Global Political Calendar: China-U.S. trade talks resume
By John Goodrich
China-U.S. trade negotiations restart in Beijing, Washington's engagement overseas is in the spotlight as top officials visit 10 Middle Eastern countries, and there is uncertainty in the wake of elections in the Democratic Republic of the Congo.
China and U.S. talk trade
China and the U.S. will hold vice-ministerial-level talks on trade on Monday and Tuesday in Beijing, as the clock ticks down to a March 1 deadline to implement the consensus agreed by President Xi Jinping and U.S. President Donald Trump on the sidelines of the G20 summit in Argentina.
The fresh discussions won't involve the lead negotiators, but follow a positive Xi-Trump phone conversation in late December and could set the agenda for higher-level talks in the near future.
The meeting comes amid economic warning signs across the world, from unstable markets to rising debt levels.
The World Bank will give its judgement on the impact of increased tariffs on the global economy when it publishes updated economic forecasts on Tuesday.
U.S. role in the Middle East
2019 is likely to be another year of change in U.S. foreign policy, and the week ahead should provide some clarity to Washington's strategy as top officials head to the Middle East.
Trump in December announced the U.S. would withdraw its 2,000 troops from Syria – although after an outcry from regional allies and Republicans that process appears to have slowed – and speculation is high over a drawdown in Afghanistan.
National Security Adviser John Bolton travels to Israel and Turkey this week, while Secretary of State Mike Pompeo begins an eight-nation tour of the Middle East.

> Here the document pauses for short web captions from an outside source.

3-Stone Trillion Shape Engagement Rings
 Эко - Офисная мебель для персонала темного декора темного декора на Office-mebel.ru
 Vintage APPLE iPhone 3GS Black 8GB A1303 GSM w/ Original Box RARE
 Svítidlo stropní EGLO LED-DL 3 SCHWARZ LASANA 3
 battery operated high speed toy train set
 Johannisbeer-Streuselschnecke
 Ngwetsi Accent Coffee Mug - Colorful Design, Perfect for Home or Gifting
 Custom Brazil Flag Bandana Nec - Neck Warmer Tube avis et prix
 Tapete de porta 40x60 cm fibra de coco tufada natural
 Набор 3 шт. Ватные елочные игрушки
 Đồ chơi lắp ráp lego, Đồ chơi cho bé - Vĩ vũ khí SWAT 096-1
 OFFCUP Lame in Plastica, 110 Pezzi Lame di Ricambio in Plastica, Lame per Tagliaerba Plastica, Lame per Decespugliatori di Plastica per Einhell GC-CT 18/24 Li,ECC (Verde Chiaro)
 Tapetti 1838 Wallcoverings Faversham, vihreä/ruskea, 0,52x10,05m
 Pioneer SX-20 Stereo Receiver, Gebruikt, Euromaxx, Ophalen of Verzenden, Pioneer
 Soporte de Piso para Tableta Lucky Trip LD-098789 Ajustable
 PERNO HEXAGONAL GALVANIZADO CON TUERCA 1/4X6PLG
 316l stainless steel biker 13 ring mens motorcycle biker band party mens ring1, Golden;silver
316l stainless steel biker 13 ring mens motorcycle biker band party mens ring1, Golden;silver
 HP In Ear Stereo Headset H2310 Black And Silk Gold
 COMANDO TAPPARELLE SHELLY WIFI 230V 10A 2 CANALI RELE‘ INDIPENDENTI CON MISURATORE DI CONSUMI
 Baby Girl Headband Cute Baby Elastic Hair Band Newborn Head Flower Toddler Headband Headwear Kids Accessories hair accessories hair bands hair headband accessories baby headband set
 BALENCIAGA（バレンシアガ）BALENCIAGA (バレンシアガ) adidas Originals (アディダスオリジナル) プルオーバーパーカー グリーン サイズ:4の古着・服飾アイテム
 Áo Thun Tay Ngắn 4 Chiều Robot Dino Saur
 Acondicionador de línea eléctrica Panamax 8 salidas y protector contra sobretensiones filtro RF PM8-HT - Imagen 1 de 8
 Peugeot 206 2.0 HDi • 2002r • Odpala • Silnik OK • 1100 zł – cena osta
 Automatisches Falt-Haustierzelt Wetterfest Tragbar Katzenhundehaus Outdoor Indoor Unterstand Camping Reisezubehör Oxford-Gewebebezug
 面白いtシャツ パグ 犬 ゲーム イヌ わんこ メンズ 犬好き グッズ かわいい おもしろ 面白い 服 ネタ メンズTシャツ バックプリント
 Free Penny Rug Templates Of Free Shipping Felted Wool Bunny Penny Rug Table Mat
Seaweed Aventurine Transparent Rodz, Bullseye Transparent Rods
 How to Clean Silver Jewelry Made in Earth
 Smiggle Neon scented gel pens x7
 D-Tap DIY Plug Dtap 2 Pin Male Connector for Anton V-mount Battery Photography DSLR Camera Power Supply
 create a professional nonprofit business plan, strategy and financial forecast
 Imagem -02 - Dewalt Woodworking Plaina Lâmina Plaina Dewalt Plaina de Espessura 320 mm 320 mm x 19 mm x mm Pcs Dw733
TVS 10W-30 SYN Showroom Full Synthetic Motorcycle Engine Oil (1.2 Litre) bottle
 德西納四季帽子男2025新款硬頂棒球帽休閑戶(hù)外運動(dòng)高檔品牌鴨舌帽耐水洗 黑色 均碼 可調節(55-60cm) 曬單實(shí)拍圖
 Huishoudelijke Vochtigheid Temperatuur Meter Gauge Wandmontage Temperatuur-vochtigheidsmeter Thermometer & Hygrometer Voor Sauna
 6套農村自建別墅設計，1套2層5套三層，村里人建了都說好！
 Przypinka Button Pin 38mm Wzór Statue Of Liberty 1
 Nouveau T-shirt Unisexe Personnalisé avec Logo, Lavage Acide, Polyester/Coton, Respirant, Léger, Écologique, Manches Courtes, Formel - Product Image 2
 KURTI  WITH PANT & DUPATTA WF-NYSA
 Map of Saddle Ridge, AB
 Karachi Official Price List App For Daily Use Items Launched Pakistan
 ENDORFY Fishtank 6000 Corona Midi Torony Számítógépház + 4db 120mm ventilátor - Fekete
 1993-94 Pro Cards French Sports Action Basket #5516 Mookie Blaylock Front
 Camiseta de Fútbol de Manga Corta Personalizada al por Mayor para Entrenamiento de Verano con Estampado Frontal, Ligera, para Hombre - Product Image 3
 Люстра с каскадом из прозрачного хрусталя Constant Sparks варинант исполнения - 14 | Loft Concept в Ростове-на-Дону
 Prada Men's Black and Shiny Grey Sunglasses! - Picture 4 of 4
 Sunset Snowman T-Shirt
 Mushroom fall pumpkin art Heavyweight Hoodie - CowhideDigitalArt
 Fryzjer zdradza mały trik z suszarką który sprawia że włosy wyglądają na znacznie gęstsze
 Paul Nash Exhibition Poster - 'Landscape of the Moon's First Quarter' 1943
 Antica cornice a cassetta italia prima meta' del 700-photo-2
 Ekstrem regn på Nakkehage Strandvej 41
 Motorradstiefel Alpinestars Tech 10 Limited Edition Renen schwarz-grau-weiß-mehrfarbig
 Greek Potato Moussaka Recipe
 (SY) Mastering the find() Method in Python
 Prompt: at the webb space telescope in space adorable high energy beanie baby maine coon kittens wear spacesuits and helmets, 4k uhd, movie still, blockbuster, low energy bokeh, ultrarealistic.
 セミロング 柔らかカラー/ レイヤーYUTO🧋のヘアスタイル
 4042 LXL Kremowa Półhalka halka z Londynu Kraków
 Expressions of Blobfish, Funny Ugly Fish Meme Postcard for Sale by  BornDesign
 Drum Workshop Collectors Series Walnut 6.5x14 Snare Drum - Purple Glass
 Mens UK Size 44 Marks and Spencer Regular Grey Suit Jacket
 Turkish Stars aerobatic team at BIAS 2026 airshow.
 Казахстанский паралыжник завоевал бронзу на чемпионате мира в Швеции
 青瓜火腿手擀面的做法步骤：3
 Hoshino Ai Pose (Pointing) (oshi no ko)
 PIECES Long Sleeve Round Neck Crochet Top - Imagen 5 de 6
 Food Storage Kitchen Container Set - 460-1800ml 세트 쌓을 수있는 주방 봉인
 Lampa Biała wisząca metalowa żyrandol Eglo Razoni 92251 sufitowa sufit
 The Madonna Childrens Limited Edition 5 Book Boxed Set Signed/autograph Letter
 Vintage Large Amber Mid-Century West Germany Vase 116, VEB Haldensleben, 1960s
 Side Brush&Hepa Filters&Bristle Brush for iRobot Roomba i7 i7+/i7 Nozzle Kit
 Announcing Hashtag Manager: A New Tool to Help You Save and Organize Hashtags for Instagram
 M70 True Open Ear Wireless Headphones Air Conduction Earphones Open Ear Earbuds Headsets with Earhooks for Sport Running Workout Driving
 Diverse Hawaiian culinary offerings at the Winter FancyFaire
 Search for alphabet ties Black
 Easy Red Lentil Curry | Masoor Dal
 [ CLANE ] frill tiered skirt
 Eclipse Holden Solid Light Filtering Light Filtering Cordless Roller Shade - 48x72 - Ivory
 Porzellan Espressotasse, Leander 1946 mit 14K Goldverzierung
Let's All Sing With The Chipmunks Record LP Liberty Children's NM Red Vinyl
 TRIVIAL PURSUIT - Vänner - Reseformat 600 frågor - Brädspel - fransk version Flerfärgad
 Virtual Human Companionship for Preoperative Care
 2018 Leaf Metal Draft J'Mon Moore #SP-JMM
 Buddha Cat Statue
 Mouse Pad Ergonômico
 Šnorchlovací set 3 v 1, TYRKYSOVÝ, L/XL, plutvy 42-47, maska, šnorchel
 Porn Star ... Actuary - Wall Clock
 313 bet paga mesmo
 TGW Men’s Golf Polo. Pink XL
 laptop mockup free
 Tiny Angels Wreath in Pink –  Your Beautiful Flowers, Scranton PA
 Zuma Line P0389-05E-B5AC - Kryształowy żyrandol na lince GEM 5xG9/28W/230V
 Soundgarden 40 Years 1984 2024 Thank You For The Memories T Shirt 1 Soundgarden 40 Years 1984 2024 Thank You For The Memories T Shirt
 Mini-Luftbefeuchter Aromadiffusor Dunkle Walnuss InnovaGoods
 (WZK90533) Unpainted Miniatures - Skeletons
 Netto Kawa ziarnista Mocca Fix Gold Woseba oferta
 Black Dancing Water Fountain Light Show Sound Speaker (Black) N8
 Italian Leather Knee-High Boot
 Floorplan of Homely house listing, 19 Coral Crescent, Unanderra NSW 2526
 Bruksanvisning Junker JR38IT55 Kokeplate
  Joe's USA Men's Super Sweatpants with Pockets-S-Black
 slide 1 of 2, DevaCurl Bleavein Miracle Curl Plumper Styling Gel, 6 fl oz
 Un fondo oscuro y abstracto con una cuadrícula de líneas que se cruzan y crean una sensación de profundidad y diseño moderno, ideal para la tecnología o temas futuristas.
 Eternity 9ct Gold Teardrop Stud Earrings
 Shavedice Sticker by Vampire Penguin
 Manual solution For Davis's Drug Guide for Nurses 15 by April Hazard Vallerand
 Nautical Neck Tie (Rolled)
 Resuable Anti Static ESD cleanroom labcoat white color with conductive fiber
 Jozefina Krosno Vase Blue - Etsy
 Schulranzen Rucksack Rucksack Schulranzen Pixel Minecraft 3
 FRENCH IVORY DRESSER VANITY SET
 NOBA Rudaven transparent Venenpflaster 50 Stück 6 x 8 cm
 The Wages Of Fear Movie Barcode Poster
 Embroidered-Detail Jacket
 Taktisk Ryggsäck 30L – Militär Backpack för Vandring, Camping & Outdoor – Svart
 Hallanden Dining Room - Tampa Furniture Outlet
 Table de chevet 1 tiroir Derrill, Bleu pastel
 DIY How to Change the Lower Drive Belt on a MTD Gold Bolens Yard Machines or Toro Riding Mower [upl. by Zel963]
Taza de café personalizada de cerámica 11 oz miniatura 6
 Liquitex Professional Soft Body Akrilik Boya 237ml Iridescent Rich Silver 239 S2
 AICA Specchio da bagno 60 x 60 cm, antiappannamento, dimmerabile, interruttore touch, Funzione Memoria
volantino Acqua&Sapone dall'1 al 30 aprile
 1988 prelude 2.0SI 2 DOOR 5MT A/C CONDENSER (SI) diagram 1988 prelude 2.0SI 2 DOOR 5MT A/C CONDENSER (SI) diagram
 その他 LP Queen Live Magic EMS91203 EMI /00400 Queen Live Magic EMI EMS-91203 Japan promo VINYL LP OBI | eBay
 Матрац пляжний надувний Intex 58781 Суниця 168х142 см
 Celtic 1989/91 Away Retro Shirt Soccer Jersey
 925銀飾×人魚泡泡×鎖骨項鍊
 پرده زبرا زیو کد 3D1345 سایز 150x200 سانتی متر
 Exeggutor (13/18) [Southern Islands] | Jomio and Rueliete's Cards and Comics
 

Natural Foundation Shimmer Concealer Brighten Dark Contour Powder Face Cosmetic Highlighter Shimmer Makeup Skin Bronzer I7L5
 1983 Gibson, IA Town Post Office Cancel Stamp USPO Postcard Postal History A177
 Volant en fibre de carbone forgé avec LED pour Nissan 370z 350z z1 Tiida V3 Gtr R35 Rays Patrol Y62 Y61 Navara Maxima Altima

He will visit Jordan, Egypt, Bahrain, the United Arab Emirates, Qatar, Saudi Arabia, Oman and Kuwait, and a stopover in Iraq is also likely.
The war in Yemen, Iran, relations between Saudi Arabia and Qatar, and the Khashoggi killing are all likely to be on the agenda but with Trump saying the U.S. will not be a "global policeman," analysts will be looking for evidence of a long-term U.S. strategy in the region.
Tensions have been high in the DRC since the poll on December 30 to choose a successor to President Joseph Kabila, which had been delayed three times.
Fears are growing that the postponement in publishing results could lead to unrest similar to that seen after elections in 2006 and 2011. The UN Security Council is due to discuss the DRC situation on Tuesday.
Monday: China and the U.S. begin two days of vice-ministerial-level trade negotiations in Beijing, and U.S. National Security Adviser John Bolton visits Turkey and Israel.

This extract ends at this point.